[Opening Information supplied section]
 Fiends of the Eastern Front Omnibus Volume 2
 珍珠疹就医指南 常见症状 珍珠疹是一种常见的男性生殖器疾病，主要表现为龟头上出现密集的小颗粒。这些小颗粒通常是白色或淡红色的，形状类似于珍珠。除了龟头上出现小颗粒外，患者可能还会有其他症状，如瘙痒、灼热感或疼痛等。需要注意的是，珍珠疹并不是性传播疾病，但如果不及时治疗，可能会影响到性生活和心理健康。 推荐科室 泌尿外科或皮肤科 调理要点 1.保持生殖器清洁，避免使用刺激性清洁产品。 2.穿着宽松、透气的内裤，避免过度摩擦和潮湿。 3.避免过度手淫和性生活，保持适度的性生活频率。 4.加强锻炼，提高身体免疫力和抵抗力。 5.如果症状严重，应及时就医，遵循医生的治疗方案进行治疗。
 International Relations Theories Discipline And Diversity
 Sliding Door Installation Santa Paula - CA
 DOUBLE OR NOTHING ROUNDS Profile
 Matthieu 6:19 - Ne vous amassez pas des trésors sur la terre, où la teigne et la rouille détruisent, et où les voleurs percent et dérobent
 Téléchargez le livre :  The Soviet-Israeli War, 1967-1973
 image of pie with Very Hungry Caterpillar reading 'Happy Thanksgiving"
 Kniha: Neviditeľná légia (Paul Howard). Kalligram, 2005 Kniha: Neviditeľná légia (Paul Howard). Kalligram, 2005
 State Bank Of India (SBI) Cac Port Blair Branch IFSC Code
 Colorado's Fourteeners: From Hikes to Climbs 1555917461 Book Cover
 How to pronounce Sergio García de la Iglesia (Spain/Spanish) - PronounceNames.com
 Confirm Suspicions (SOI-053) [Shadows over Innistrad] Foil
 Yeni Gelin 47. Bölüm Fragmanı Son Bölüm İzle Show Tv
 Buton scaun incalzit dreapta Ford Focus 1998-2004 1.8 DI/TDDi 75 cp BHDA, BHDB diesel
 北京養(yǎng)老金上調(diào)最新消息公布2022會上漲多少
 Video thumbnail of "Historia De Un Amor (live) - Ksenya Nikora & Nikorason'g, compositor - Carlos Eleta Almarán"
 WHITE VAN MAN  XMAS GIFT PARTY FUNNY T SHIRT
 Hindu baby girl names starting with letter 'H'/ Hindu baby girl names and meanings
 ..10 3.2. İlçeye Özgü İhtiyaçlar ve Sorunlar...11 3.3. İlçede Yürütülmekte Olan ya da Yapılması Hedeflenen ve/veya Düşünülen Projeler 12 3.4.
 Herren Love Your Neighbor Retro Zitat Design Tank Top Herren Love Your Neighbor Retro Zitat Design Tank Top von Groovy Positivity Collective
[Closing Information supplied section]
Exercise aim: Please write out exactly the line containing "北京養(yǎng)老金上調(diào)最新消息公布2022會上漲多少" and every line after it through the end of the records, nothing more.

Expected answer:
 北京養(yǎng)老金上調(diào)最新消息公布2022會上漲多少
 Video thumbnail of "Historia De Un Amor (live) - Ksenya Nikora & Nikorason'g, compositor - Carlos Eleta Almarán"
 WHITE VAN MAN  XMAS GIFT PARTY FUNNY T SHIRT
 Hindu baby girl names starting with letter 'H'/ Hindu baby girl names and meanings
 ..10 3.2. İlçeye Özgü İhtiyaçlar ve Sorunlar...11 3.3. İlçede Yürütülmekte Olan ya da Yapılması Hedeflenen ve/veya Düşünülen Projeler 12 3.4.
 Herren Love Your Neighbor Retro Zitat Design Tank Top Herren Love Your Neighbor Retro Zitat Design Tank Top von Groovy Positivity Collective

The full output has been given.